6. "No State Shall, during War, Permit Such Acts of Hostility
Which Would Make Mutual Confidence in the Subsequent Peace
Impossible: Such Are the Employment of Assassins (percussores),
Poisoners (venefici), Breach of Capitulation, and Incitement to
Treason (perduellio) in the Opposing State";
These are dishonorable stratagems. For some confidence in the
character of the enemy must remain even in the midst of war, as
otherwise no peace could be concluded and the hostilities would
degenerate into a war of extermination (bellum
internecinum). War, however, is only the sad recourse in the
state of nature (where there is no tribunal which could judge with
the force of law) by which each state asserts its right by violence
and in which neither party can be adjudged unjust (for that would
presuppose a juridical decision); in lieu of such a decision, the
issue of the conflict (as if given by a so-called "judgment of
God") decides on which side justice lies. But between states no
punitive war (bellum punitivum) is conceivable, because
there is no relation between them of master and servant.
It follows that a war of extermination, in which the destruction
of both parties and of all justice can result, would permit
perpetual peace only in the vast burial ground of the human race.
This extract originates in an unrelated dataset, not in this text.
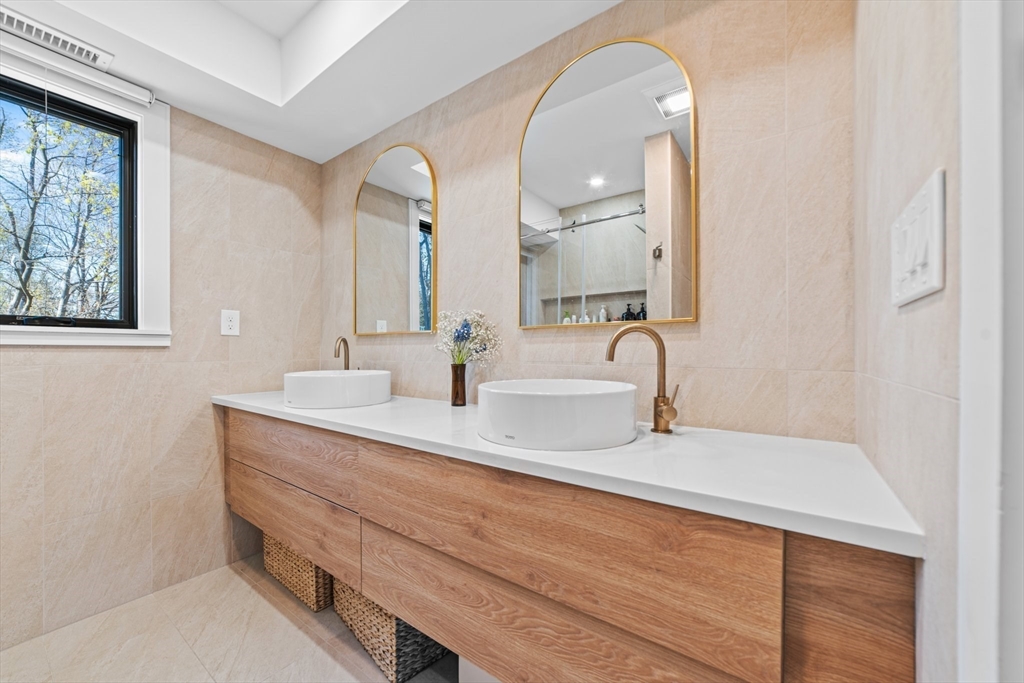 45 Rowena Road Newton, MA 02459 - Photo 33 of 42 a bathroom with double vanity sink and a mirror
Therefore, such a war and the use of all means leading to it must
be absolutely forbidden. But that the means cited do inevitably
lead to it is clear from the fact that these infernal arts, vile in
themselves, when once used would not long be confined to the sphere
of war. Take, for instance, the use of spies (uti
exploratoribus). In this, one employs the infamy of others
(which can never be entirely eradicated) only to encourage its
persistence even into the state of peace, to the undoing of the
very spirit of peace.
Although the laws stated are objectively, i.e., in so far as
they express the intention of rulers, mere prohibitions (leges
prohibitivae), some of them are of that strict kind which hold
regardless of circumstances (leges strictae) and which
demand prompt execution. Such are Nos. 1, 5, and 6. Others, like
Nos. 2, 3, and 4, while not exceptions from the rule of law,
nevertheless are subjectively broader (leges latae) in
respect to their observation, containing permission to delay their
execution without, however, losing sight of the end. This
permission does not authorize, under No. 2, for example, delaying
until doomsday (or, as Augustus used to say, ad calendas
Graecas) the re-establishment of the freedom of states which
have been deprived of it i.e., it does not permit us to fail
to do it, but it allows a delay to prevent precipitation which
might injure the goal striven for. For the prohibition concerns
only the manner of acquisition which is no longer permitted, but
not the possession, which, though not bearing a requisite title of
right, has nevertheless been held lawful in all states by the
public opinion of the time (the time of the putative
acquisition).2.
SECTION II
CONTAINING THE DEFINITIVE ARTICLES
FOR PERPETUAL PEACE AMONG STATES
The state of peace among men living side by side is not the
natural state (status naturalis); the natural state is one
of war. This does not always mean open hostilities, but at least an
unceasing threat of war. A state of peace, therefore, must be
established, for in order to be secured against hostility it is
not sufficient that hostilities simply be not committed; and,
unless this security is pledged to each by his neighbor (a thing
that can occur only in a civil state), each may treat his neighbor,
from whom he demands this security, as an enemy.3
FIRST DEFINITIVE ARTICLE FOR PERPETUAL
PEACE
"The Civil Constitution of Every State Should
Be Republican";
The only constitution which derives from the idea of the
original compact, and on which all juridical legislation of a
people must be based, is the republican.4 This constitution is established, firstly, by
principles of the freedom of the members of a society (as men);
secondly, by principles of dependence of all upon a single common
legislation (as subjects); and, thirdly, by the law of their
equality (as citizens). The republican constitution, therefore, is,
with respect to law, the one which is the original basis of every
form of civil constitution. The only question now is: Is it also
the one which can lead to perpetual peace?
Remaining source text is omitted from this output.